The “So What?” Layer: For the enterprise, “small models hunt” because they provide 98% of a frontier model’s performance at 1/50th of the cost. By leveraging WebGPU to run these models directly in a browser or on a laptop, organizations can eliminate massive infrastructure overhead and keep sensitive data local, gaining a massive competitive advantage in operational efficiency.

2.3 Defining Generative Computing

The most provocative shift in the keynote is the move from “brutal” natural language prompting to “Generative Programming.” Raghavan argues that prompting is a trial-and-error process that is brittle, unportable, and insecure. To solve this, IBM introduced the Melia toolkit, which treats LLMs as computational agents rather than human-like entities.

Melia represents a return to CS 101 principles by enforcing the separation of instructions from data. It replaces English-language “praying” with structured Python-based control flow, moving the logic (if/then/retry) outside the stochastic model and into the deterministic code.

The “So What?” Layer: Treating an LLM as a software component rather than a conversational partner is the only path to reliability. By moving control flow into Python, developers can create modular, testable applications that don’t break when a model is upgraded from one version to the next.

Conclusion: These elements converge to form the Agentic Development Life Cycle (ADLC). This new framework, jointly authored with Anthropic, replaces the traditional SDLC and requires developers to master new muscles in evaluation and stochastic testing to build the next generation of enterprise software.

The “Middle Bucket” is Dying: The AI market is polarizing into massive frontier models and tiny, highly optimized task-specific models (like Granite 3.0). Impact: Organizations should stop over-investing in medium-sized, general-purpose models and instead focus R&D on fine-tuning 8B-parameter models for specific domain tasks.
Prompting is Not Engineering: The era of the “seven-page prompt” is a temporary workaround. Generative programming via toolkits like Melia is the future. Impact: Resource allocation must shift; enterprises should reallocate headcounts from “Prompt Engineers” to “Generative Software Engineers” capable of managing Python-based control flows.
The AI-Based Governance Advisor: Navigating risk is too complex for manual checklists. The Risk Atlas Nexus provides an AI advisor to map intents to mitigation. Impact: Compliance is no longer a bottleneck but an automated part of the developer workflow, ensuring semantic accuracy in agentic tool-calling.
The ADLC is the New Standard: The transition from SDLC to the Agentic Development Life Cycle (authored with Anthropic) is the biggest challenge for the modern workforce. Impact: Companies must invest in training software engineers in “evals” and data science practices to manage the stochastic nature of AI outputs.
Cryptographic Model Security is Mandatory: As models become bits of code, they require the same security rigor as software.
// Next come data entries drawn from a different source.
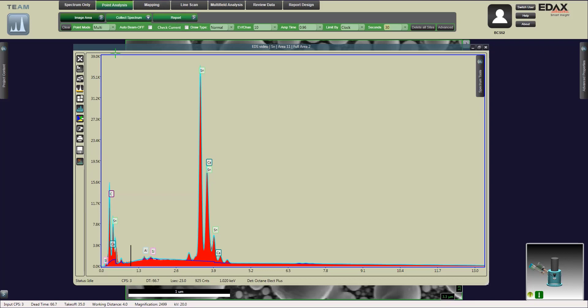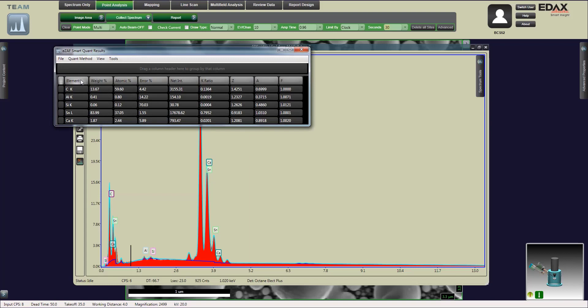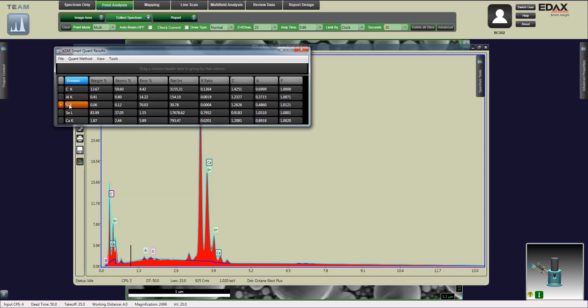To generate the report, we're just going to select the report button. We can look at our element composition and the error percentage. When I selected silicon, it's about 70% error percentage. That's a little bit too high. It might not actually be a silicon peak that we see there.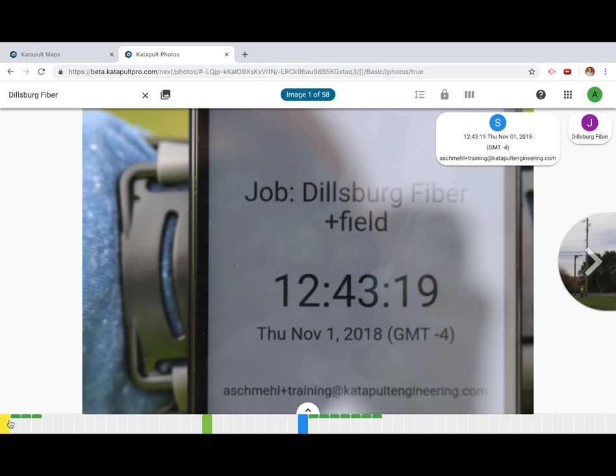Any photos that you have labeled will be presented as green while unlabeled photos will be light gray. Your selected photo will appear as red.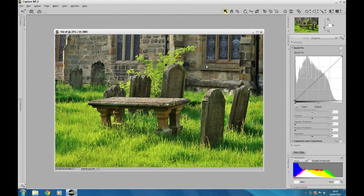The double threshold — and basically if you look at areas like this here around the stone and the headstones, and even the highlights on the grass, what we're going to do is add a bit of contrast in the shadows and highlights. Although that might sound tricky to do, it's quite easy to do in NX2.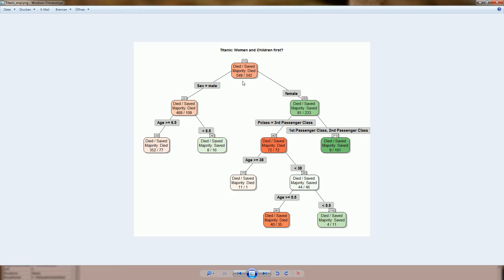The chart is about people who died and people who were saved, and overall a majority of people died. By the way, this is a training data set, so it does not contain all Titanic passengers. The most important feature is sex — a vast majority of the men died whereas a vast majority of the women were saved, so on the first level we can say the principle 'women first' was followed.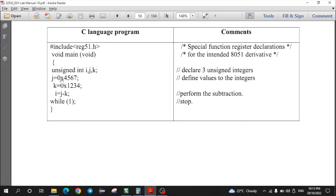j is assigned 0x4567, and similarly the second number, 0x1234 in hexadecimal, is stored in variable k. So the first number is in j and the second in k. To perform the subtraction and store the result, the statement i = j - k is written. This means 4567h minus 1234h is performed, and whatever result is obtained is stored in variable i, which refers to memory of the 8051 microcontroller.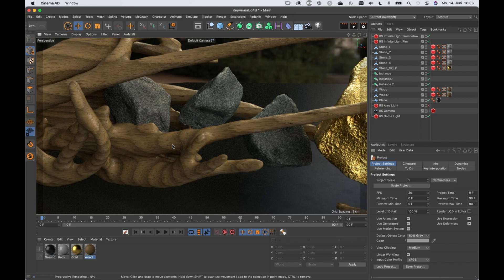Procedural materials really come with many advantages. One of them is you don't need textures — or not as many — which means you lower the risk of missing dependencies once you want to share the project with someone else. You also have a smaller project size.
Impact: To prevent tampering or poor quantization, IT stacks must mandate Cryptographic Signing for all deployed models to ensure the “bits” match the certified release.
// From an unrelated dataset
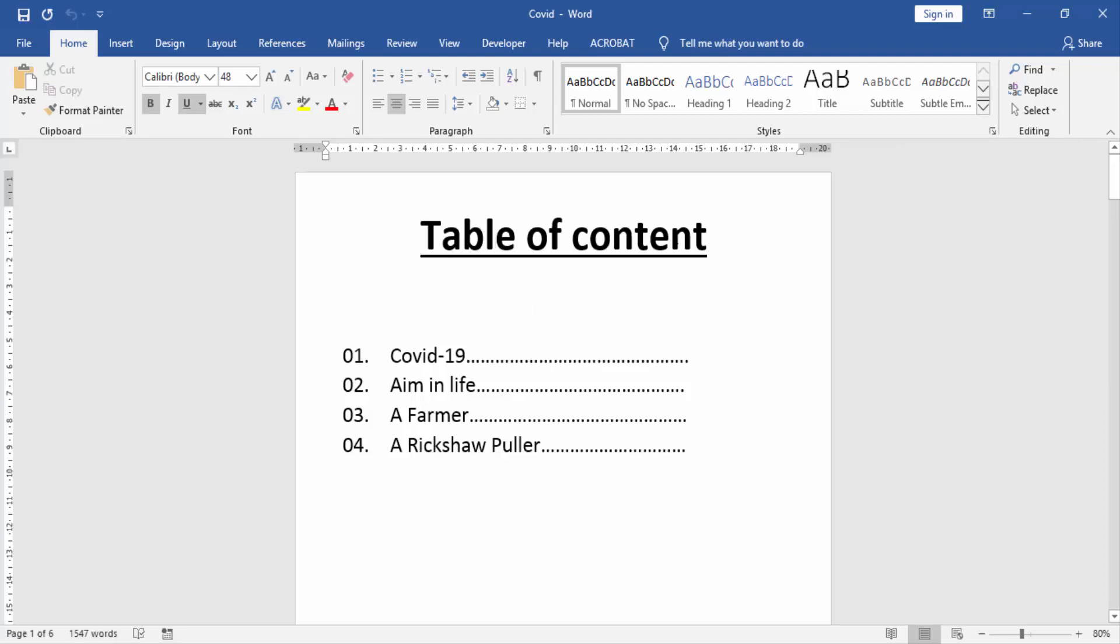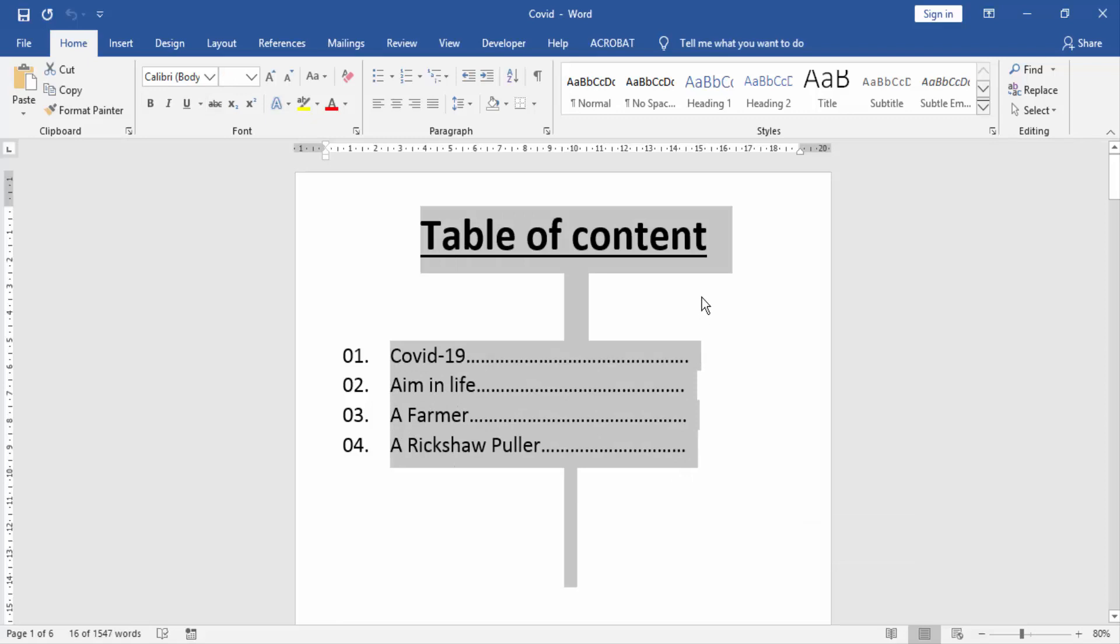Now you want to change the color of table of content. Select all the text. Select and drag your mouse, or press Ctrl A on your keyboard.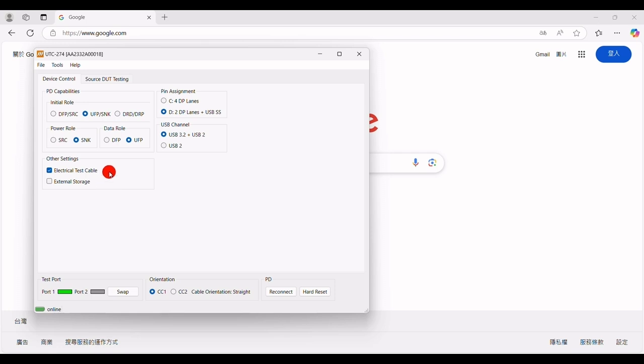In terms of other settings, there are two options to choose from: Electrical Test Cable and External Storage. Electrical Test Cable means that when you purchase UTC274, a Type-C to Type-C cable is included in the delivery. This C2C cable is a customized cable that supports both electrical testing and automatic CC flip functionality. When the ET cable is inserted into the UTC274, this option will be automatically enabled. External Storage means that you can switch the USB data path of the UTC274 to the external USB port, and connect a USB data storage device that supports USB 3.2 Gen 2 to perform read-write speed tests.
Sriram Raghavan’s assertions carry the weight of a practitioner who has spent 25 years at IBM, transitioning cutting-edge R&D into a $25 billion software business. His perspective is grounded in the “last mile” challenge of making technology work for the world’s most regulated industries.
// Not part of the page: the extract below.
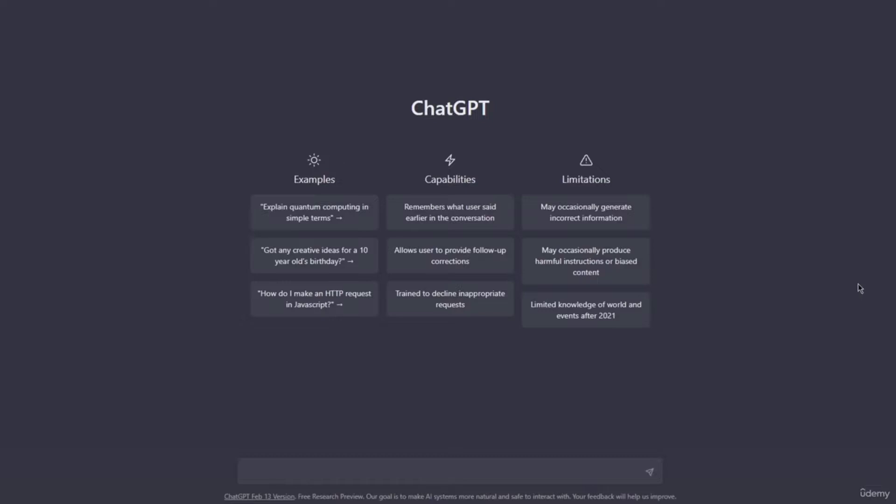Without any further ado, let's go ahead and address the elephant in the room: what are prompts? I will not try to reinvent the wheel. What I will do is go here on ChatGPT and ask it what is a prompt.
“There was all this MIT article that said 95% of AI pilots fail… there is a challenge in between the promise of AI and driving that value in enterprises.”
“The answer isn’t ever going to be like this one magic model that rules the world. It never is. The world is too diverse.”
“When the use case is specific enough, small models hunt. If you have a model that is 1/50th the cost… an enterprise will take it every day.”
“You just pray to the model… ‘do not hallucinate, my career depends on this.’ This is not engineering; this is trial and error.”
“Agents are just programs. This world called inference scaling—this is just logic on top of a model. Just because you call it an agent doesn’t change the fact that finally it’s a program.”